# What new Kits are coming from Moebius for 2010?



## Dracula (Jun 5, 2005)

Does any one know what new universal monster kits coming this year from Moebius. Last year was great can not wait for 2010. Thanks Frank and Dave.:wave:


----------



## RSN (Jul 29, 2008)

Bela, Dracula


----------



## Dracula (Jun 5, 2005)

*Great A Bela Dracula*

Great it should be a great kit.


----------



## Dave Metzner (Jan 1, 1970)

The Lugosi Dracula is Not a Universal monster...
It's Bella Lugosi as Dracula from the broadway Play...


----------



## rkoenn (Dec 18, 2007)

Dave Metzner said:


> The Lugosi Dracula is Not a Universal monster...
> It's Bella Lugosi as Dracula from the broadway Play...


I guess that gets around licensing from Universal?
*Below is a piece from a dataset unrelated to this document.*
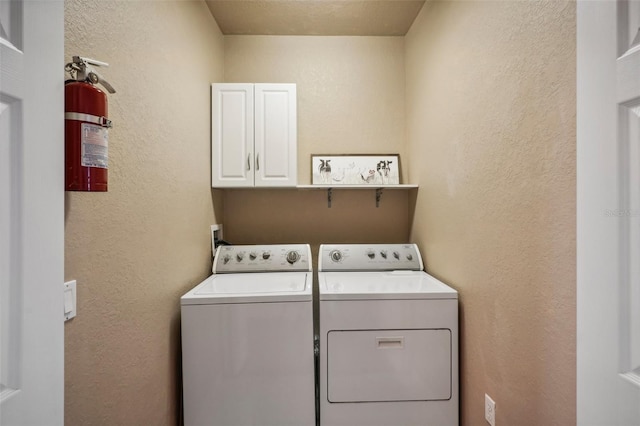 washroom featuring cabinets and washer and dryer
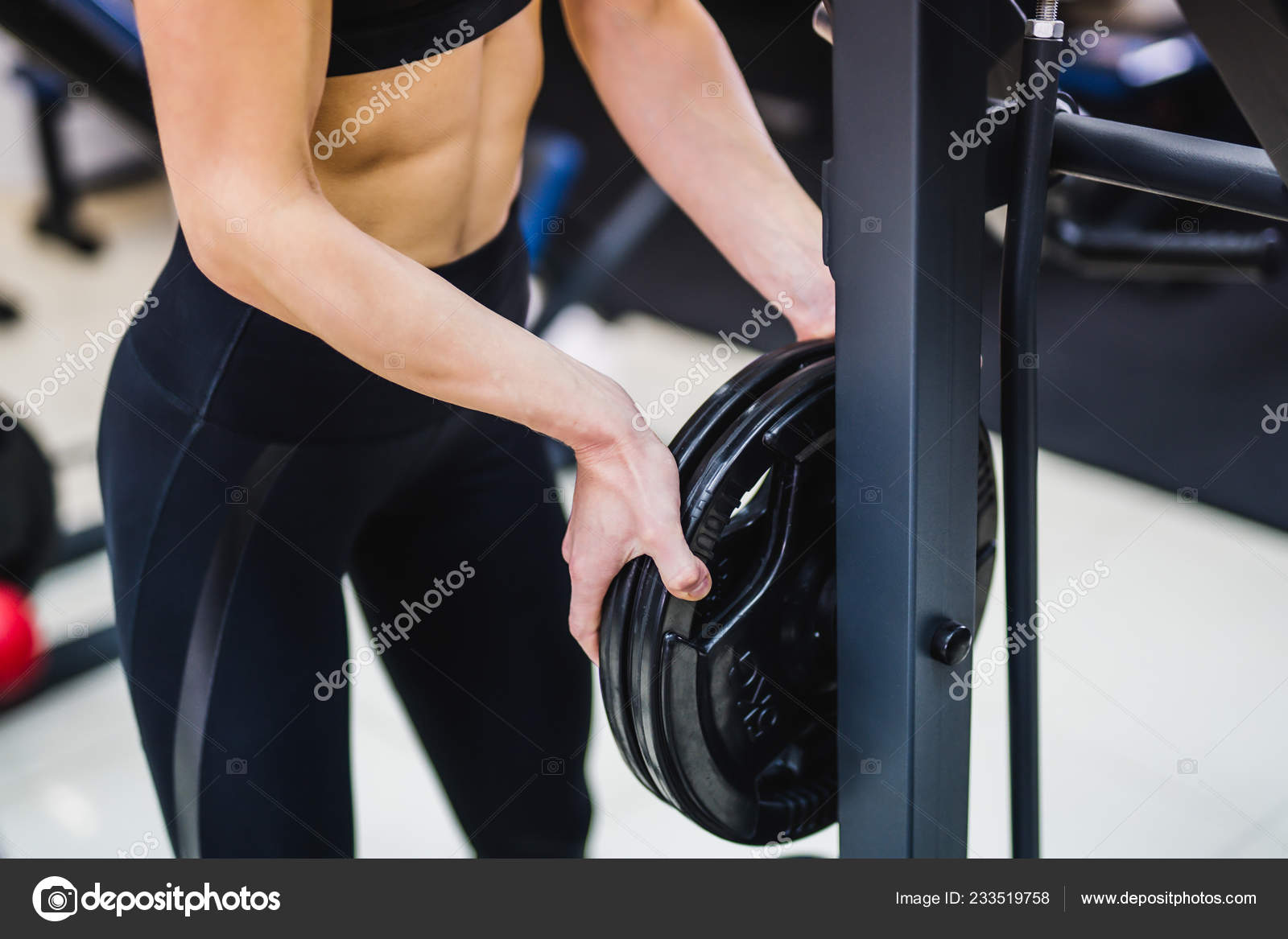 Chica sexy fitness joven se detiene en el gimnasio mujer morena fitness en  ropa deportiva negra con cuerpo perfecto fitness en el gimnasio, tirando de  ella en la barra horizontal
Makes sense, I would bet their licensing fees are high as absurd as that is. I would really like to see you do some of the 50s scifi creatures such as the Mole Men, the Fly, Metaluna Mutant, etc. But those get into licensing issues with which ever studio produced them.


----------



## Moebius (Mar 15, 2007)

It was one of those things that really didn't have much to do with who it was licensed through. We knew we wanted to do a Drac at some point, and by coincidence, someone suggested to Bela Jr that we might be a good fit for a kit of his Father. He mentioned that he owned all rights to likeness, and the Broadway play could be done with the single license through him. So here we are! Hopefully some images soon!


----------



## Night-Owl (Mar 17, 2000)

Cool! :thumbsup:


----------



## Seaview (Feb 18, 2004)

"Excellent, Mr. Renfield, EXCELLENT!"


----------



## rkoenn (Dec 18, 2007)

Wow, that far along then that you will have some images. That might mean it will be 6 months or less and we might have a model available. At some point my stack of models is going to topple over, better get building.


----------



## Carson Dyle (May 7, 2003)

Moebius said:


> It was one of those things that really didn't have much to do with who it was licensed through. We knew we wanted to do a Drac at some point, and by coincidence, someone suggested to Bela Jr that we might be a good fit for a kit of his Father. He mentioned that he owned all rights to likeness, and the Broadway play could be done with the single license through him. So here we are! Hopefully some images soon!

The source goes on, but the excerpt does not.